De ahí que la media sanción de la IVE es como una marcha del golazo solitario que cumple una ley de productividad política: trascender es no ceñirse a los mandatos de la grieta. Un día en la vida de los mortales Fernando Iglesias vota lo mismo que Máximo Kirchner. Pero diez mil cosas florecen, y entonces cada una regresa a la raíz de la que vino, dice Lao Tsé. Alberto busca en sus promesas de campaña cómo construir un mejor punto de arranque para el 2021. La relación especular del kirchnerismo y el macrismo en los últimos años estuvo armada por la grieta. Y ya se sabe quiénes pierden con la grieta: el kirchnerismo las elecciones y la sociedad con lo que no se cambia. Alberto Fernández vino a romper eso, o a torcerlo un poco. La media sanción de la IVE –votada mayoritariamente por el Frente de Todos, primero, y por la UCR después– y la promesa de las vacunas le pueden devolver un horizonte. El 10 de diciembre (en ese todos los días juntos) fue además el día de los trabajadores sociales. Noble profesión de una fe laica: ampliar la frontera del Estado. Nuestros otros acuerdos. La mesa contra el hambre, que también estuvo en el horizonte de la campaña, sentó a los mejores argentinos y argentinas vivos (esas “instituciones” como el obispo Gustavo Carrara) con figuras mediáticas que le pusieron al impulso un estribo masivo. Pero el Estado no puede tener el tiempo que le dura un entusiasmo a Tinelli. Los entusiasmos o son leyes o políticas, o no son.

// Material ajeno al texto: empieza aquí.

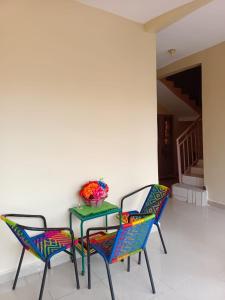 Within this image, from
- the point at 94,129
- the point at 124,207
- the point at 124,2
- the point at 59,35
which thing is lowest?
the point at 124,207

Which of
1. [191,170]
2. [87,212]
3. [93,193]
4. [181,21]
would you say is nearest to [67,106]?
[93,193]

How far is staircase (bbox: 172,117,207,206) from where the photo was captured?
435 centimetres

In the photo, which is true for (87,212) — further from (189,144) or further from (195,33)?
(189,144)

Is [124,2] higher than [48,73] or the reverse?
higher

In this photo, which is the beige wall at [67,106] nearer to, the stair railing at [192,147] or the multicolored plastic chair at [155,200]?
the multicolored plastic chair at [155,200]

Y este apego institucional que garantiza bastante la unidad del Frente de Todos, esta comunicación oficial hecha de cartas, de gestos micro-leídos, de gramática de frío/calor, de chismes a ver qué tuiteó quién, qué faveó aquel, esta novela palaciega llamada “me clavó el visto”, las almas desgarradas por las dos rayitas azules, este funcionamiento híper equilibrado del gobierno donde el clima imperante parece hacernos decir que “no está el horno para bollos” pero que “la unidad no se mancha”, tiene otro costo invisible: el del desgaste, la gota que horada la piedra, la lista de cosas trabadas, el pliego de X, el Esquema de Gas que demoró meses en salir, el expediente que no gira en la rueda, y así. La sociedad puede estar más o menos pendiente, pero lo respira. Es un golpe al estado de ánimo. Alberto, como dijo Soriano de Alfonsín, ya tiene el alma en la cara.